#### Exercise directions
Everything from the line containing "luxury crown letter" to the end of the listing, both included, should be returned exactly, apart from the pictures.
*-*-*
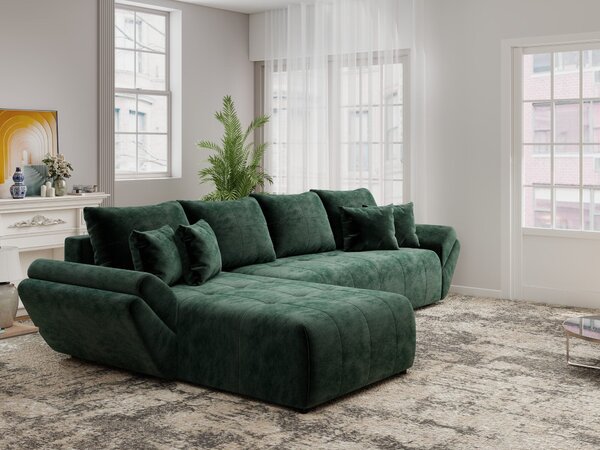 Colțar extensibil dumonde cu ladă de depozitare si sezut confortabil din spuma high-density, Berlin XL Monolith Verde 350x185 cm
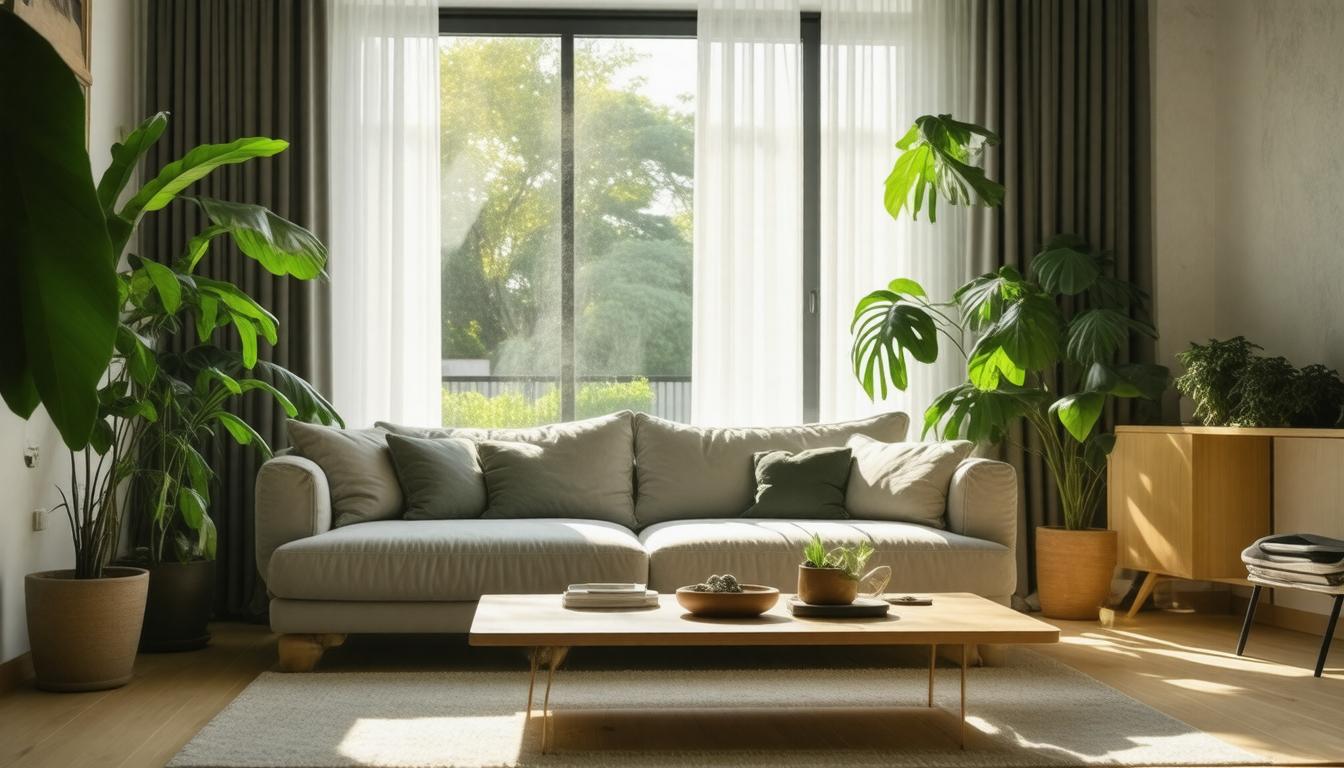 A cozy living room featuring a couch, coffee table, and several indoor plants.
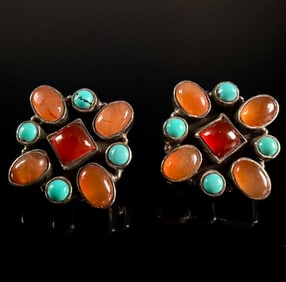 Sterling Silver Multi-Stone Cluster Earrings with Turquoise and Cabochons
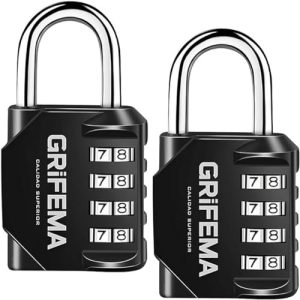 Cadeado GRIFEMA Conjunto de 2 fechaduras combinadas de 4 dígitos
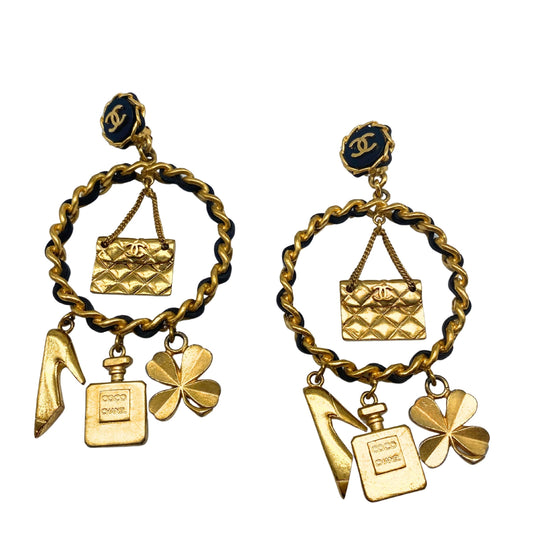 Chanel Large Gold with Charms Hoop Earring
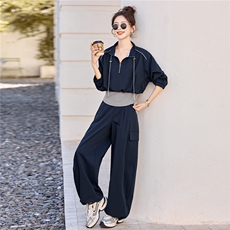 藏青色休闲卫衣套装裙女2025秋季新款上衣半身裙运动风户外两件套，女装套装/套裙，意芙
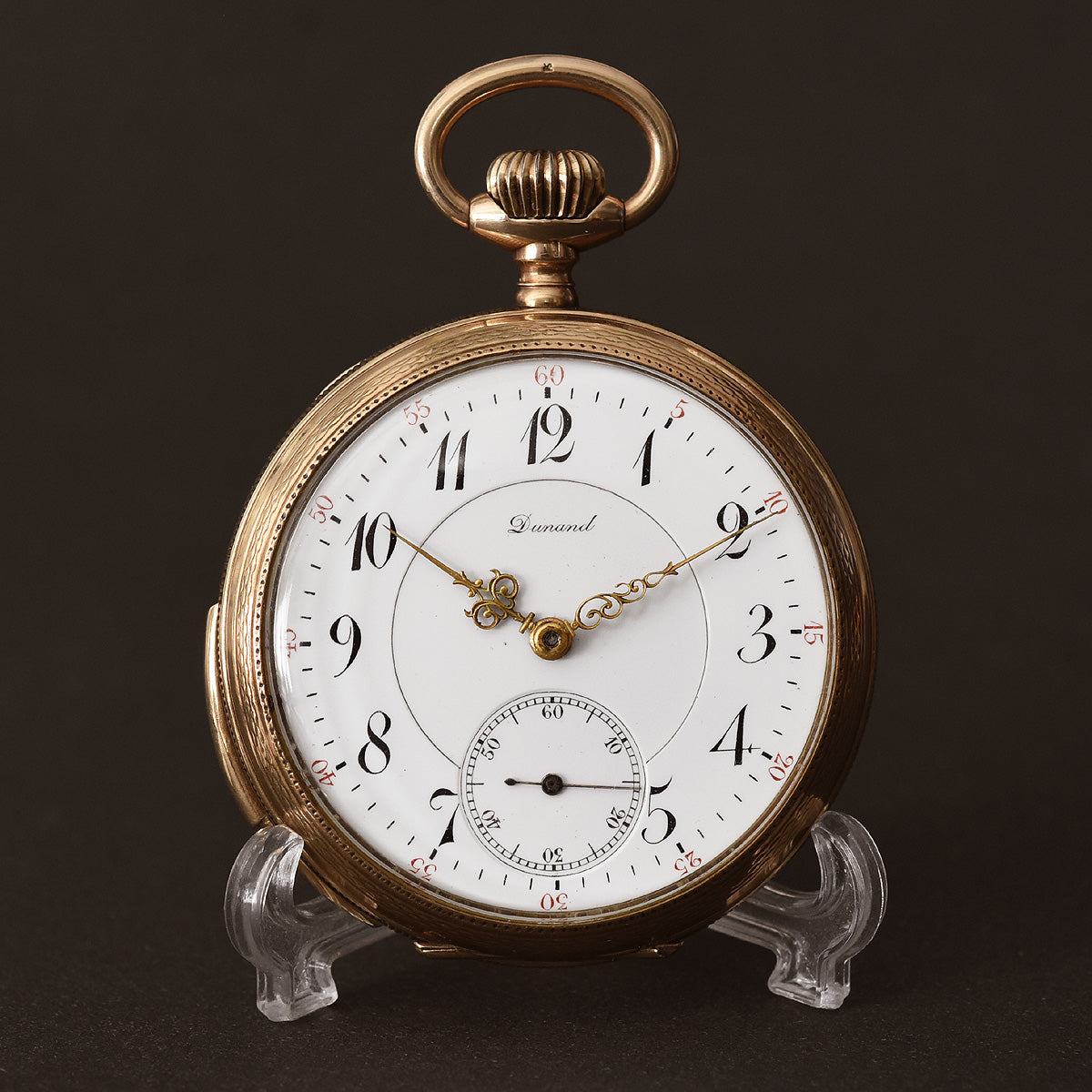 1900s DUNAND Quarter Repeater 14K Gold Swiss Pocket Watch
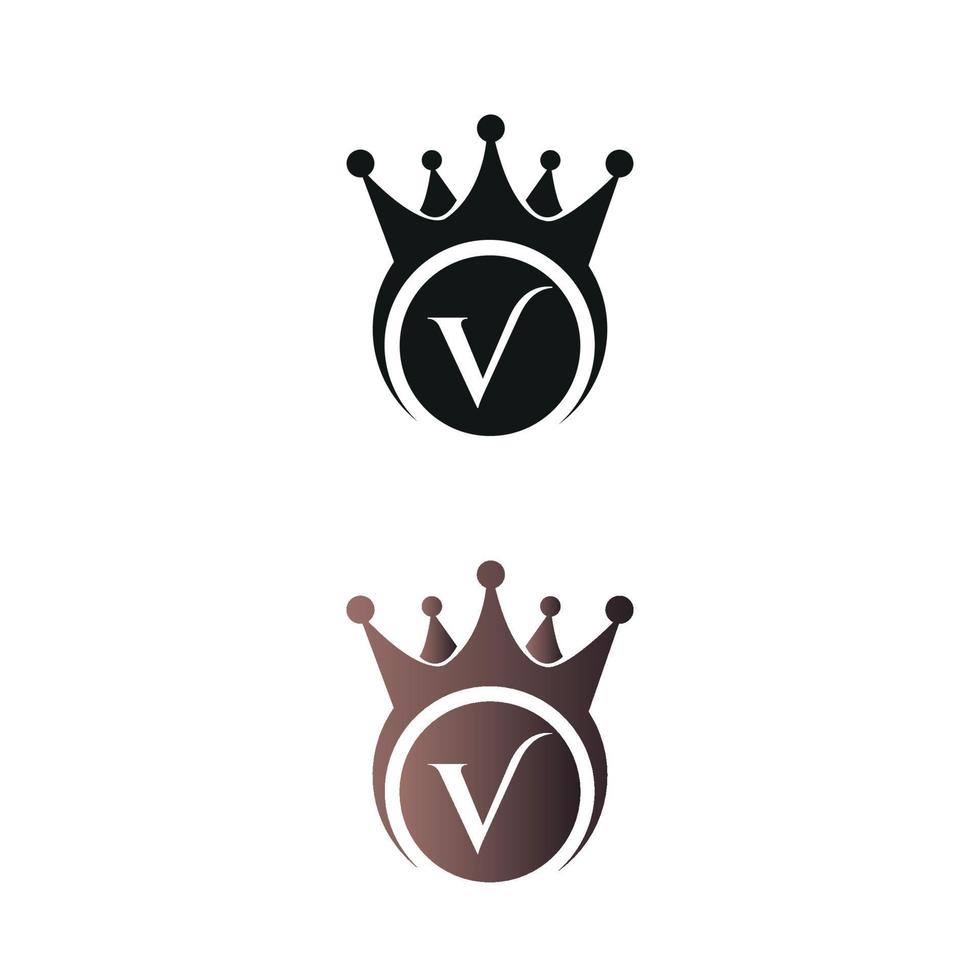 luxury crown letter mark V letter logo vector template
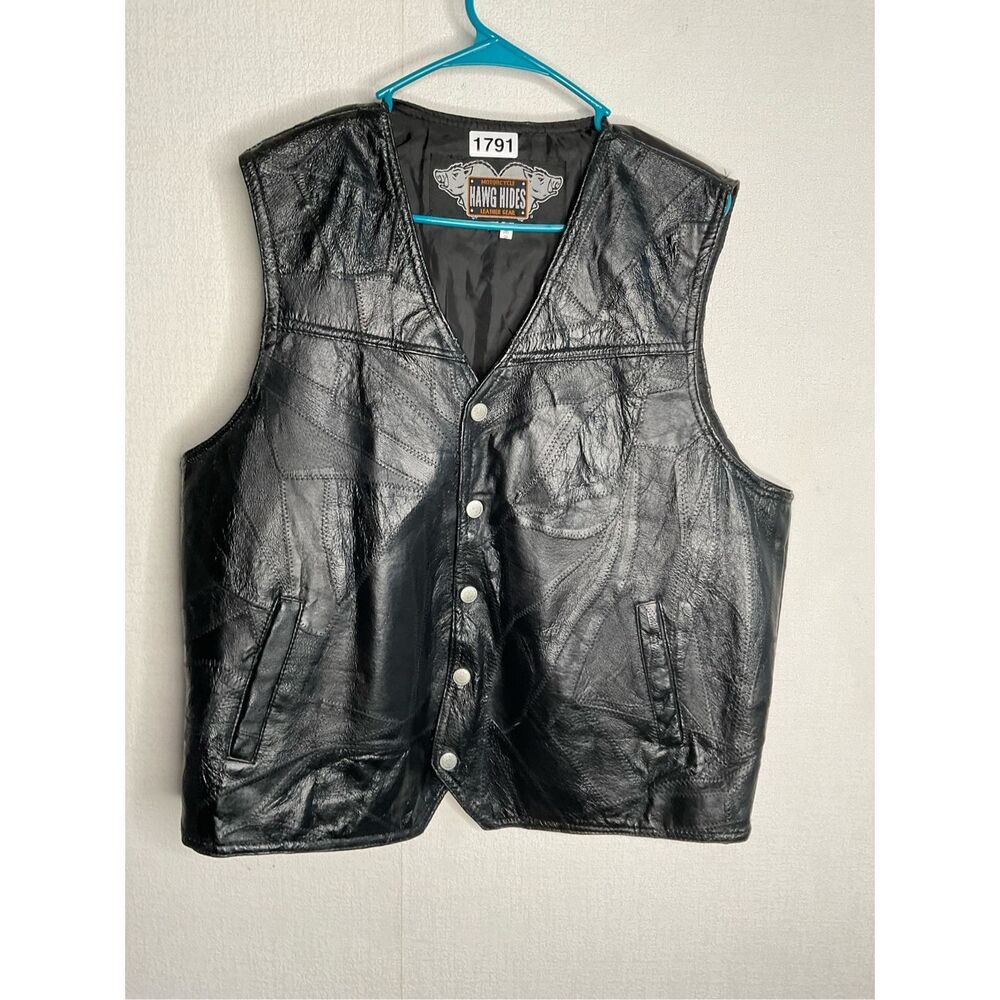 Vintage Hawg Hides Motorcycle Black Leather Vest Men’s 2X Full Snap Patchwork‎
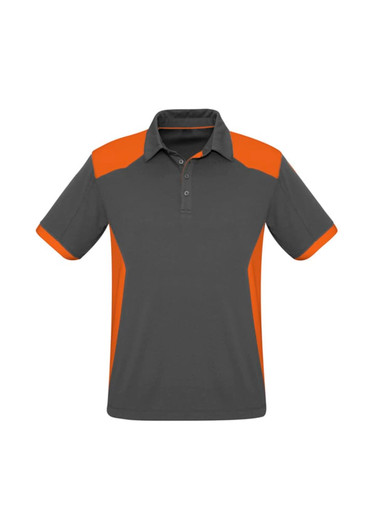 Men's polo shirt in grey with orange accents, featuring a classic collar and short sleeves. Includes a logo.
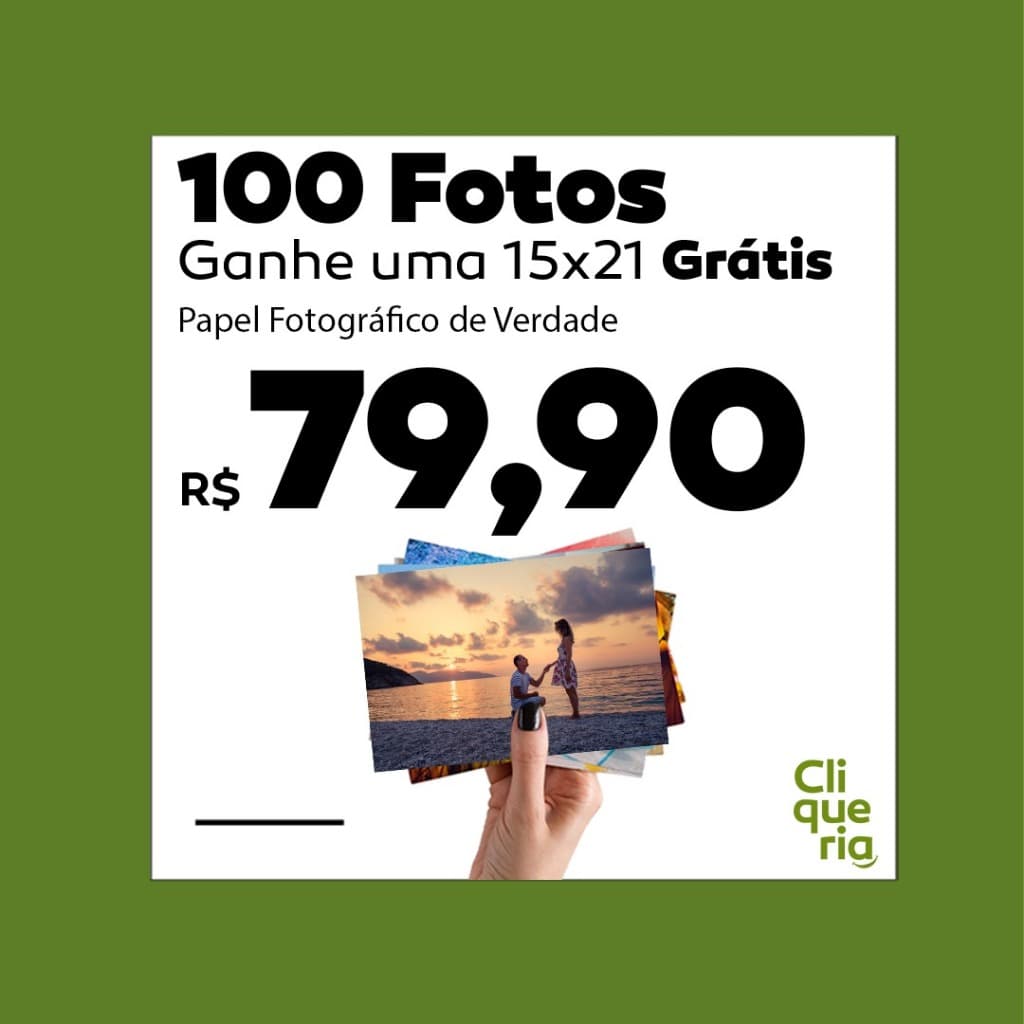 Revelação de Fotos 10x15 Cliqueria | Pacote 100 fotos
*-*-*
#### Output of the exercise
 luxury crown letter mark V letter logo vector template
 Vintage Hawg Hides Motorcycle Black Leather Vest Men’s 2X Full Snap Patchwork‎
 Men's polo shirt in grey with orange accents, featuring a classic collar and short sleeves. Includes a logo.
 Revelação de Fotos 10x15 Cliqueria | Pacote 100 fotos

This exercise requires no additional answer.